The issue of “silent cyber” exposures, where cyber coverage is neither explicitly provided nor excluded in insurance policies, remains an issue for the insurance sector despite efforts to ring-fence the risks.

In the past several years insurers have amended policy wordings and introduced sublimits to reduce their exposure to cyber risks outside of specialist cyber liability policies.

Insurers remain concerned, however, that they are effectively offering cyber insurance coverage without charging a premium for the risk if it is included in traditional policies.

Insurers have made progress in addressing silent cyber in the past couple of years, adding exclusions or affirmative coverage, but it’s still an issue for the market, said Kelly Geary, New York-based national practice leader for executive risk and cyber with EPIC Insurance Brokers & Consultants. 

Cyber risk is dynamic and “may always outpace the industry’s attempt to contain it,” Ms. Geary said.

Insurers have been concerned they may face unintended liability in policies not designed to cover cyber risks. Moody’s Investors Service Inc. said in a February report that many commercial insurers and reinsurers were reducing their silent cyber exposure by shifting cyber risk to standalone policies or introducing cyber sublimits or exclusions in traditional policies.

On Monday, Lockton Cos. LLC said it was offering a “silent cyber property solution” with a London-based cyber and property insurance consortium.

While many insurers have taken steps to isolate the risk, more work is needed, said Nadia Hoyte, New York-based U.S. practice leader for USI Insurance Services LLC. 

She said there may be some “overlap” with directors and officers liability insurance policies, she said.

Tim Zeilman, Simbury, Connecticut-based global cyber product owner at Hartford Steam Boiler Inspection and Insurance Co., said that even though it has been talked about for many years, “companies are probably in a variety of different stages” in addressing silent cyber.

He said that for the past several years Hartford Steam Boiler and parent company Munich Reinsurance Co. have undergone “quite an extensive, internal effort to get a handle on it.”
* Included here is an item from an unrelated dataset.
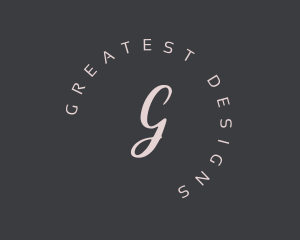 Minimalist Fashion Designer logo design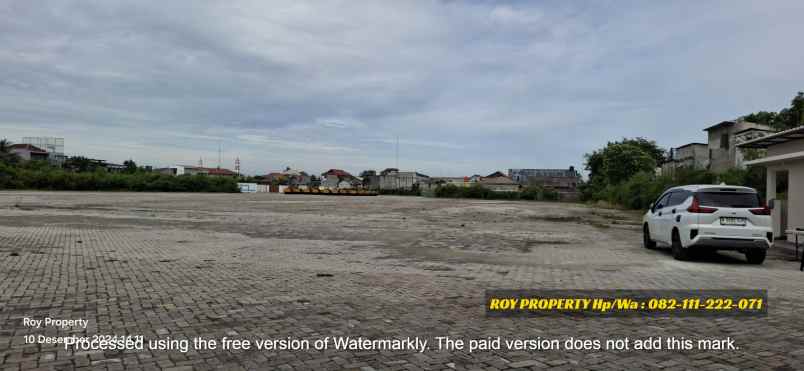 disewakan tanah jl raya cilincing jakarta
James Burns, London-based cyber product leader for CFC Underwriting Ltd., said, “There have been lots of moves to address silent cyber through specific exclusions of the cyber risk and rewording language to explicitly cover and charge a price for it.”

The challenge is that some policyholders have potential gaps in coverage or find they are being asked to pay for something they previously thought was free, he said.

“It’s going to differ company by company,” said Brad Gow, Purchase, New York-based cyber product leader for Sompo International Holdings Ltd. 

Over the past three years, Sompo has had a formal program to review its different lines of business to identify where silent cyber coverage may be present and address it.

Tom Srail, executive vice president, cyber risk team, for Willis Towers Watson PLC in Cleveland, said silent cyber remains a concern but it is not among the top 10 concerns about insurance “we’re talking about on a daily basis.”